Mevlânâ Hazretleri Mesnevî’de der ki:
“Ey oğul! Bütün dünyâyı, ağzına kadar ilimle, güzellikle dolu bir testi bil. Fakat bilesin ki, bu ilim ve güzellik, zuhuru zâtının muktezâsı olan ve zuhur etmemesine imkân bulunmayan Allâh’ın Dicle’sinden bir katredir. O gizli bir hazîneydi. Marifetine muhabbet etti. Böylece o hazîne, pek dolu olduğundan yarıldı, kendisini izhâr etti. Toprağı, göklerden daha parlak bir hâle getirdi. Gizli bir hazîneyken coştu; toprağı, atlas giyen bir sultan hâline getirdi.” (c.1, 2860-2863)
Allâh, zaman ve mekândan münezzehtir. O, zamansız ve mekânsız bir âlemde, zâtî hakîkati sadece Kendisine mâlum bir sûrette mevcuttur. Cenâb-ı Hakk’ın bu mevcûdiyeti mutlak, diğer yaratılan bütün varlıkların vücûdu ise, izâfîdir.[1]

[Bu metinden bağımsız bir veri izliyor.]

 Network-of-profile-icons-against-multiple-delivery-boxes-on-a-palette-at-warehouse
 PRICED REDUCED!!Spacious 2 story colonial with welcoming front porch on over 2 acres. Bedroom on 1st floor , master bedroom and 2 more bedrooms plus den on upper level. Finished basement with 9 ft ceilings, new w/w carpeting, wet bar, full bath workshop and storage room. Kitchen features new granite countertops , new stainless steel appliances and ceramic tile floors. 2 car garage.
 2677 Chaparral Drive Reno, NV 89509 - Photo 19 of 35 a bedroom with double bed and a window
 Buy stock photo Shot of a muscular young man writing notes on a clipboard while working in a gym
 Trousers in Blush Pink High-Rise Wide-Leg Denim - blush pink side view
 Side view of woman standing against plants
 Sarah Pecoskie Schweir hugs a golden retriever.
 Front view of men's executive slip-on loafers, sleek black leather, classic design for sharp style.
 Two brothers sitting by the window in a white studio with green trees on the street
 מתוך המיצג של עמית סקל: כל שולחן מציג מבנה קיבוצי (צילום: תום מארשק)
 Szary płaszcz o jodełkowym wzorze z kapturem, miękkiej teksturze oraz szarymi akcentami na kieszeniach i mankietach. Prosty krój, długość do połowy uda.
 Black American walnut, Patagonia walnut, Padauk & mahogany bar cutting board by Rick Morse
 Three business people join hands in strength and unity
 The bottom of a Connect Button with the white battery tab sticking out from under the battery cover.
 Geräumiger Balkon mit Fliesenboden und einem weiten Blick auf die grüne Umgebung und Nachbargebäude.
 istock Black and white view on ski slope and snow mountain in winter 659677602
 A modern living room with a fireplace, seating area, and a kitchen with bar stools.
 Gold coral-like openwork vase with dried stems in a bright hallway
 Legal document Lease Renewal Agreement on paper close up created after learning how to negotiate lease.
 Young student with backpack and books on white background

Buna göre ezelde yalnız Kendi var olan ve var olmak için başka bir var ediciye muhtaç bulunmayan Cenab-ı Hak, insanlar ve cinlerin idrakleri seviyesinde bilinmeyi ve bu bilginin doğurduğu vicdânî bir zarûretle ibadetlerle tekrîm olmayı murad eylediğinden, “âlem-i kesret” (çokluk âlemi) denilen bu cihânı yaratmıştır. Bu gerçek, كُنْتُ كَنْزاً مَخْفِياًّ yani “Ben, gizli bir hazineydim…” (İsmâil Hakkı Bursevî, Kenz-i Mahfî) sûretindeki hadis-i kudsî ile bildirilmiştir. Bu hadîs-i şerîf, içinde yaşadığımız âlemin varlık sebebi ve hikmetini kavramak ve o hikmeti gerçekleştirmeye yönelmek üzere, bütün insanlık için en temel bir hayat düsturudur.
Dipnot: [1] Bu hükümdeki “âlem” sözü Allah katındaki hakîkatin, insan idraki seviyesine indirilmesi için mecâzen ve zarûreten kullanılagelmiştir. Aynı şekilde, ezel (zamanda başı olmamak) ve ebed (zamanda sonu olmamak) gibi kelimeler de Cenâb-ı Hakk’a izâfe edilerek kullanıldığı zaman, böyledirler.